I grew up around computers. We were some of the first families in Pakistan to get access to internet at home via the first ISP Digicom (the not so glorious days of dial-up). My sister was studying at college in the US, and my parent's primary motivation was to email her which would have been faster than waiting weeks for her letters to reach us by post.
Accessing computers in my early teens inspired me to study computer science in college. It affected my brother Asad – around eight years old at the time- profoundly differently. He immersed himself in a way that I could not really understand. He used something called BBS to chat with strangers across the world. Ubuntu once delivered CDs (again for free!) during our summer vacations in the early nineties. I had to look up the word Ubuntu in the dictionary in our encyclopedia set. He ordered books (strangely offered for free by Intel at the time) and I remember the amazement from my friends in our little Karachi neighborhood when they were delivered to our house. Something ordered on the internet! And delivered! The concept was mind boggling. That computer book would go with him everywhere. The result was that by the time he turned twelve he once called me excitedly to clicked on a black screen and the computer automatically said “hello world” back. I didn’t think much of it till I tried to play a game one afternoon (we had to load up floppy disks to do this), and nothing worked. The black screen stayed black! And then suddenly the computer said “Who is the greatest?” and I knew immediately Asad was behind this. I had to type in “Asad is the greatest” to get the computer to “unlock” and as an older sister I was outraged at the horror and indignity.

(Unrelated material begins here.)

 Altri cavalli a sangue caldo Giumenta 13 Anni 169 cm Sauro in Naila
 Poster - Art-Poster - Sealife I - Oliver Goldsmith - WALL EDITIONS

Today, I have a son who turned eight this year. However the problem is that no one knows know what jobs will exist when he graduates. The conundrum is that we have to re-calibrate our education systems to develop skills that will be essential in a fast approaching future. However, our children our 21st century learners being taught by 20th century teachers in 19th century classrooms.
We believe that coding is and will continue to be to be essential in the future. Coding has a documented impact on math, resilience, creativity, and problem solving skills, all of which are critical 21st century skills. Through Code School we want to bring these skills to our children, because any mass change in academia is going to take time, and by then it may be too late for the children in school today.